Larry Fink: Washington Needs to Prove the Political System Still Works

Oct 21, 2013

As the dust begins to clear from this month's political battle over the debt ceiling and government shutdown, there have many reports of businesses waiting to make key investments until political stability returns. Today, in a new op-ed in the Financial Times, BlackRock CEO and Chairman Larry Fink notes the partisan wrangling in Washington may been doing real, lasting damage by weakening investor confidence in the stability of our political system. Even with some economic fundamentals suggesting that the recovery is taking hold, Fink argues that economic uncertainty is doing damage:

The market environment is still challenging. Uncertainty is high and political wrangling is pushing the fundamentals to the backburner. You cannot overestimate the impact of this on confidence at a time when business leaders should be making decisions that drive growth. It has put the US economy in a holding pattern that, if it persists, could lead to a global slowdown.
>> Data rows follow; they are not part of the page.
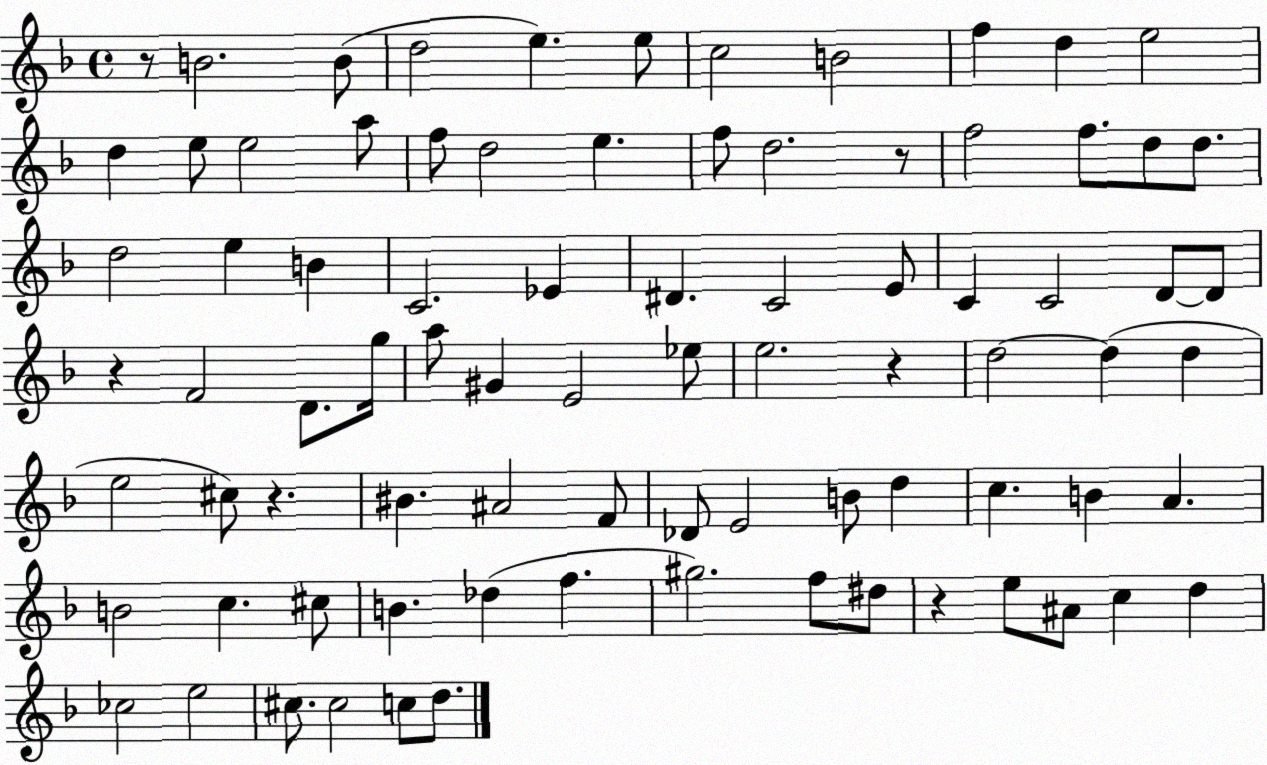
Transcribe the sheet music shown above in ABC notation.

X:1
T:Untitled
M:4/4
L:1/4
K:F
z/2 B2 B/2 d2 e e/2 c2 B2 f d e2 d e/2 e2 a/2 f/2 d2 e f/2 d2 z/2 f2 f/2 d/2 d/2 d2 e B C2 _E ^D C2 E/2 C C2 D/2 D/2 z F2 D/2 g/4 a/2 ^G E2 _e/2 e2 z d2 d d e2 ^c/2 z ^B ^A2 F/2 _D/2 E2 B/2 d c B A B2 c ^c/2 B _d f ^g2 f/2 ^d/2 z e/2 ^A/2 c d _c2 e2 ^c/2 ^c2 c/2 d/2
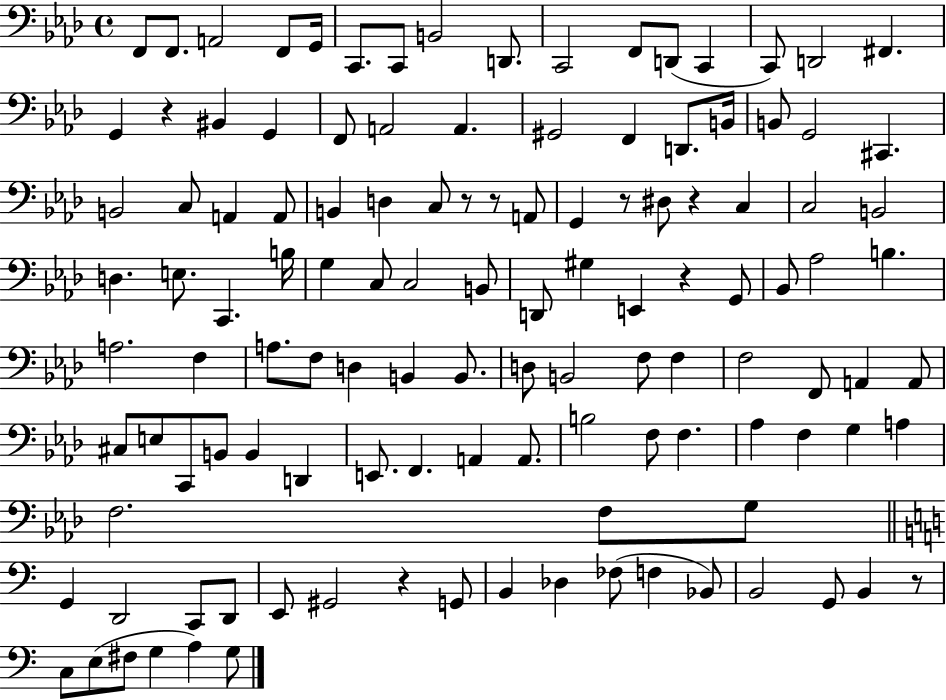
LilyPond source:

{
  \clef bass
  \time 4/4
  \defaultTimeSignature
  \key aes \major
  \repeat volta 2 { f,8 f,8. a,2 f,8 g,16 | c,8. c,8 b,2 d,8. | c,2 f,8 d,8( c,4 | c,8) d,2 fis,4. | \break g,4 r4 bis,4 g,4 | f,8 a,2 a,4. | gis,2 f,4 d,8. b,16 | b,8 g,2 cis,4. | \break b,2 c8 a,4 a,8 | b,4 d4 c8 r8 r8 a,8 | g,4 r8 dis8 r4 c4 | c2 b,2 | \break d4. e8. c,4. b16 | g4 c8 c2 b,8 | d,8 gis4 e,4 r4 g,8 | bes,8 aes2 b4. | \break a2. f4 | a8. f8 d4 b,4 b,8. | d8 b,2 f8 f4 | f2 f,8 a,4 a,8 | \break cis8 e8 c,8 b,8 b,4 d,4 | e,8. f,4. a,4 a,8. | b2 f8 f4. | aes4 f4 g4 a4 | \break f2. f8 g8 | \bar "||" \break \key c \major g,4 d,2 c,8 d,8 | e,8 gis,2 r4 g,8 | b,4 des4 fes8( f4 bes,8) | b,2 g,8 b,4 r8 | \break c8 e8( fis8 g4 a4) g8 | } \bar "|."
}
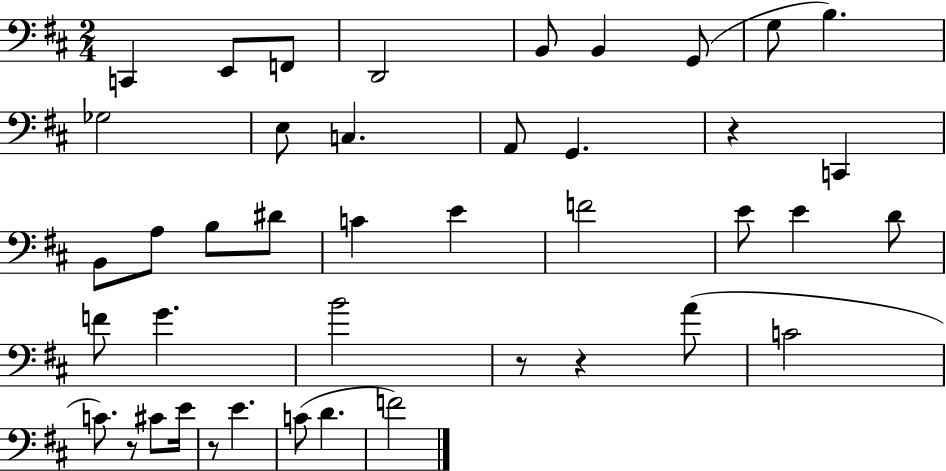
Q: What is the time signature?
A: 2/4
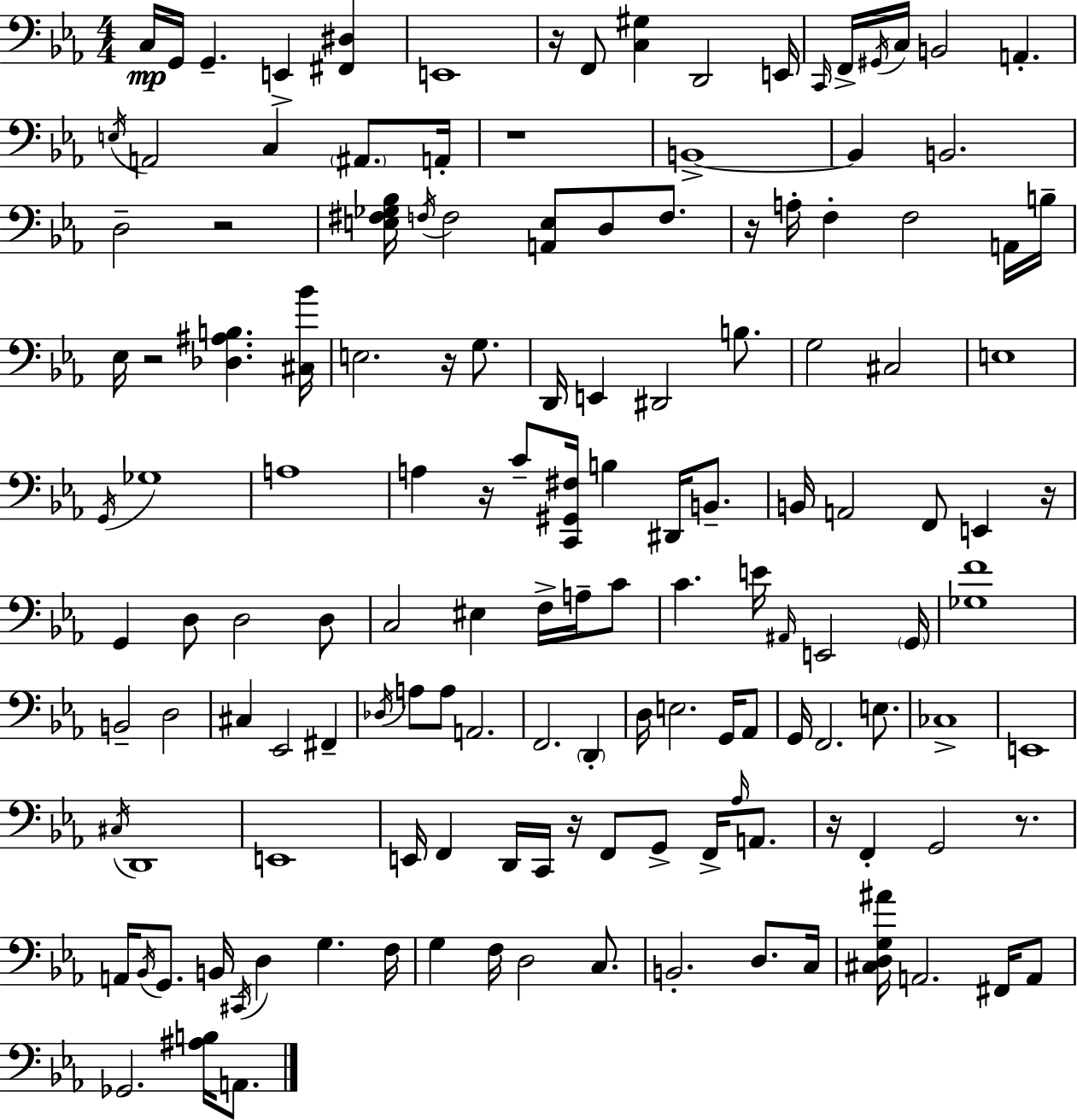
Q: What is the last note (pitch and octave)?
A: A2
As others have written, one way that political uncertainty threatens growth is when businesses choose to put off on investing in new facilities, employees, or equipment for a more stable fiscal climate. When that politically-cautious attitude moves to the bond market, Fink argues, the impact is far worse:

Many foreign investors are rethinking their approach to investing in US debt. Even a marginal change in the willingness of governments, pension funds, insurance companies and other institutions around the world to buy America’s bonds will incrementally raise interest rates and drive up the costs of financing our deficits. That will not only worsen the fiscal situation at federal, state and local levels; it will also mean higher borrowing costs for anyone buying a house or other big-ticket items. The end result: slower growth."

But Fink also notes that lawmakers can avoid further endangering US political credibility by coming together and compromising during the upcoming budget conference.

"The short-term damage has been done; the next round of budget discussions needs to show that the American political system still works. If our leaders can return to the standards of good faith, civil deliberation and mutual respect that have always provided the foundation of our global economic leadership, we can restore the confidence of all Americans – as well as business leaders, investors and markets worldwide – and with that the potential for a long-term US economic resurgence.

A positive economic impact would be a major benefit of successful bipartisan negotiations over the budget -- the capital that companies have been keeping "on the sidelines" would help speed the recovery, and a healthy bond market will help drive foreign investment in our economy over the long term. Fink's arguments suggest that dealing with the debt will have an expansionary impact on the economy, creating jobs and building a prosperous future.